Writing again- yes, you said something very similar to what i said-
however, i feel compelled to object to any explanation involving nouns being active or passive.
passive, as was said, is a voice. a real understanding of grammar is essential for a writer. if i seem a angry about this beyond the import of this discussion, it is because of arguments i have been having with a friend of mine.
we teach a japanese class to some other homeschooled kids. we aren't fluent or in japanese, not close really, but definitely far ahead of our students.
my friend and i both have a natural talent for languages. he is much better than i am at remembering vocabulary, writing japanese characters, and intuitively grasping how a japanese person would say something. he speaks japanese much better than i do. however, i can grasp grammar with comparative ease. Latin conjugations, declension- english moods, participles and gerunds- these things trouble my classmates more than me. unfortunately, i still need to learn vocabulary.

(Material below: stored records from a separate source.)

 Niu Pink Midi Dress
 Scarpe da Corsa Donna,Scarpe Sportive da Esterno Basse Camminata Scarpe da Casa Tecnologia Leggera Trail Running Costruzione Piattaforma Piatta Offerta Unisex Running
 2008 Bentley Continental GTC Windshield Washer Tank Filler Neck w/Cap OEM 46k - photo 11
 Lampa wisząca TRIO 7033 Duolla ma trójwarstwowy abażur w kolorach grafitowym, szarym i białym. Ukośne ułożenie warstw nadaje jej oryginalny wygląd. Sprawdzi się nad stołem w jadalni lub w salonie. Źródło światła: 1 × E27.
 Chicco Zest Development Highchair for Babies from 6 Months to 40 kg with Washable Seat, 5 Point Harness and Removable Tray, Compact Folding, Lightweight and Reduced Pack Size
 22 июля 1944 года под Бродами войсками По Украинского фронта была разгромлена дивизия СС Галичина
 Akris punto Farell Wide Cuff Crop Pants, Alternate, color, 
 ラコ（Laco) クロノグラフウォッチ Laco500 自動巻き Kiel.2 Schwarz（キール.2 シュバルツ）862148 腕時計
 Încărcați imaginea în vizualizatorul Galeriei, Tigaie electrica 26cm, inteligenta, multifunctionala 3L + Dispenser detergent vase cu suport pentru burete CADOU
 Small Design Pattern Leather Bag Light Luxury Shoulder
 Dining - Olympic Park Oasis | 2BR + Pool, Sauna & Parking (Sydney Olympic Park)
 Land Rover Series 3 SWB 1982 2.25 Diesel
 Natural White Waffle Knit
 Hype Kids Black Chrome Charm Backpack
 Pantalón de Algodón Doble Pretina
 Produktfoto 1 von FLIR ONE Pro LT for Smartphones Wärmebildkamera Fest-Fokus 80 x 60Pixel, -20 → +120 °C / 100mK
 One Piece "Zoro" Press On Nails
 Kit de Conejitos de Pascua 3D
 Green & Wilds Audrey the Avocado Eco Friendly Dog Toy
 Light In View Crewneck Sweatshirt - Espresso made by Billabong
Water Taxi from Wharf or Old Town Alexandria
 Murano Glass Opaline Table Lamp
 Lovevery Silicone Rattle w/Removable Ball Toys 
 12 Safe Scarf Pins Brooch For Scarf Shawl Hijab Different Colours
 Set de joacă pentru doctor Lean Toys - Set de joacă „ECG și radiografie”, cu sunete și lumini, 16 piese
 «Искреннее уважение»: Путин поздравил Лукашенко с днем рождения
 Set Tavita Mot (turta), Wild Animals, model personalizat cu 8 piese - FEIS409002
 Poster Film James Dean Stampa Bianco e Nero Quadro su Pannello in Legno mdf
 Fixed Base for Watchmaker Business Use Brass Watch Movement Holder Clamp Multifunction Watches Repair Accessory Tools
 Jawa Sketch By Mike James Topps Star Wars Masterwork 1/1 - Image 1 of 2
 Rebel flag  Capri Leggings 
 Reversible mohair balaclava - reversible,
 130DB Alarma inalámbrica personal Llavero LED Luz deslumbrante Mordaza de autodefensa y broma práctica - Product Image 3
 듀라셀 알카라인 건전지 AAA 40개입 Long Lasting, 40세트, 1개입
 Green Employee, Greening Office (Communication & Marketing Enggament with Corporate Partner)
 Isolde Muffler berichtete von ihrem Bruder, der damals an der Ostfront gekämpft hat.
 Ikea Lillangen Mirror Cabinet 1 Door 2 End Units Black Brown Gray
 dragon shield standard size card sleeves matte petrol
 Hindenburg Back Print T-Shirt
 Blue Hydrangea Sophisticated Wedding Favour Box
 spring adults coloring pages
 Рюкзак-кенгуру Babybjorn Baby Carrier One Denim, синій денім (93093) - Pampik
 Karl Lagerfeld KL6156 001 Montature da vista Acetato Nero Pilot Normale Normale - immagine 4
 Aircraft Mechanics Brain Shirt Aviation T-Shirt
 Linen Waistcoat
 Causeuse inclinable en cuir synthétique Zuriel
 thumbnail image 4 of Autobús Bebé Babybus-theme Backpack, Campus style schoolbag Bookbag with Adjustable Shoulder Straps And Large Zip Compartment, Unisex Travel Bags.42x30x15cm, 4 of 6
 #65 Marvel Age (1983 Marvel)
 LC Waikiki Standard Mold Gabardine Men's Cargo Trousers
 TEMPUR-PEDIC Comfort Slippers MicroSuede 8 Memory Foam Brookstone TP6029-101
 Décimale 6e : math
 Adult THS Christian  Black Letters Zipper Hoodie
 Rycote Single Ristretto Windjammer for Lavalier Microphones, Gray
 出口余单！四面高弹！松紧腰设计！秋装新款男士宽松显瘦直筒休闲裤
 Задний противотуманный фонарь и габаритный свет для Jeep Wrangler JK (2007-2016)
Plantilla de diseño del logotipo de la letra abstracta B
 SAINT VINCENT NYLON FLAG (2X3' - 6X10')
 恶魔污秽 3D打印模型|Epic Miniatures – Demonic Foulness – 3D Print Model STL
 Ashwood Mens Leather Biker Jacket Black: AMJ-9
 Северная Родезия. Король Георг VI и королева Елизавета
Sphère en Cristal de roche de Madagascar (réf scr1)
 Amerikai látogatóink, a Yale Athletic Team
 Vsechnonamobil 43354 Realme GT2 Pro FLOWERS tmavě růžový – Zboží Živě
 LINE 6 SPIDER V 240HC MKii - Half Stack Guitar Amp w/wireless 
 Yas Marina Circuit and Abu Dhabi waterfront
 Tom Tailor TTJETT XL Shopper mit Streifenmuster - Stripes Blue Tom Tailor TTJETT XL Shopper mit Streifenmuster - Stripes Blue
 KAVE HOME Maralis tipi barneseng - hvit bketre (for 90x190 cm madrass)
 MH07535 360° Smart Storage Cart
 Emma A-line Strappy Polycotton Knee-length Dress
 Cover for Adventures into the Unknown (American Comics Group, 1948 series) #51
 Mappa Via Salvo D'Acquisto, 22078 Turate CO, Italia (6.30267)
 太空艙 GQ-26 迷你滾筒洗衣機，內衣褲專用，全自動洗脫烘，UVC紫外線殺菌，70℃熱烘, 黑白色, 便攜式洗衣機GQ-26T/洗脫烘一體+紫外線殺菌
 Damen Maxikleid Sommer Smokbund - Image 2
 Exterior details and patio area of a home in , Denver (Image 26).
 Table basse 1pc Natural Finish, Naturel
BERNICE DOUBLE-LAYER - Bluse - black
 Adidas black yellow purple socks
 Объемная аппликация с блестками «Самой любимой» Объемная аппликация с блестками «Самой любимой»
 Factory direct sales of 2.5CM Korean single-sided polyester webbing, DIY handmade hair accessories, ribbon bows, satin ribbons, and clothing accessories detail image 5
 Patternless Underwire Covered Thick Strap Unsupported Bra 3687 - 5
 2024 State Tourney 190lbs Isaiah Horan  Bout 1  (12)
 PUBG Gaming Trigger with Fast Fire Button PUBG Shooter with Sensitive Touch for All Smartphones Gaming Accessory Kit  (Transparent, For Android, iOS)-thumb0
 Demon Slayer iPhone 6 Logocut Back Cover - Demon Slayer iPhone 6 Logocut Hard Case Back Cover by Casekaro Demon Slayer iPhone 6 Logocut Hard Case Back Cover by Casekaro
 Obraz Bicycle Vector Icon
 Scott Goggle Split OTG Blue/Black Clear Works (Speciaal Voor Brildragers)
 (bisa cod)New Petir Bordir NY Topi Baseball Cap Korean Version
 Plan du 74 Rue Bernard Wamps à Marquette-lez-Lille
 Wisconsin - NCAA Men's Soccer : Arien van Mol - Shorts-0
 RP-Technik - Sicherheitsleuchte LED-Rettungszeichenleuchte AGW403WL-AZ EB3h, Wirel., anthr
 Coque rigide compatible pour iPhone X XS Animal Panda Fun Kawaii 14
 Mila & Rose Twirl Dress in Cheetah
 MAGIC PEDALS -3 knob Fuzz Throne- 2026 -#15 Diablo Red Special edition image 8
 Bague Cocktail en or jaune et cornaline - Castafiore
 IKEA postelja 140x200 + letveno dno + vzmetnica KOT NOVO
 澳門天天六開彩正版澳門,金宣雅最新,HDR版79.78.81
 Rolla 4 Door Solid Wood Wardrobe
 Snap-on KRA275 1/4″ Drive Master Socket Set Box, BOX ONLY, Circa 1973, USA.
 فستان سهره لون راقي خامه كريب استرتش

anyway, whenever i try to explain the language in grammatical terms my firewnd object, and repeats "that doesn't help people understand." his argument is that real japanese people don't think in terms of indirect objects, gerunds, and topic markers. they just know to use ni with certain verbs.
however, that is only the way that they can speak it, because growing up in japan gives them an instinctive understanding. in order to allow students to expand their knowledge by themselves, they must understand grammatical terms.
how does this apply to the case at hand? well, when it comes to truly grammatical formal eenglish, ther are comparatively few native speakers. even many americans grow up unfamiliar with the subjunctive, or the passive.
therefore, the only to truly grasp them, for those who haven't used them correctly since childhood, is an understanding of basic grammatical terms.
it isn't that hard. most grammatical terms apply to many languages- the same metalingual vocabulary has seen me through english, lating, greek, japanese, and spanish. A small amount of effort to understand what is meant by voice, mood, tense, case, and so on will make everything to do with language simpler.
it's like the fiasco of the "whole word reading" method. without a grasp of phonics, or grammatical terms, people are limited to rote regurgitation of the sentence patterns they understand.
phonics, that is to say a grasp of grammar, allows much deeper comprehension and more fluent composition.
so please, writing again, don't insist that using the word passive correctly is confusing. it's just somehting everyone needs to leanr sooner or later.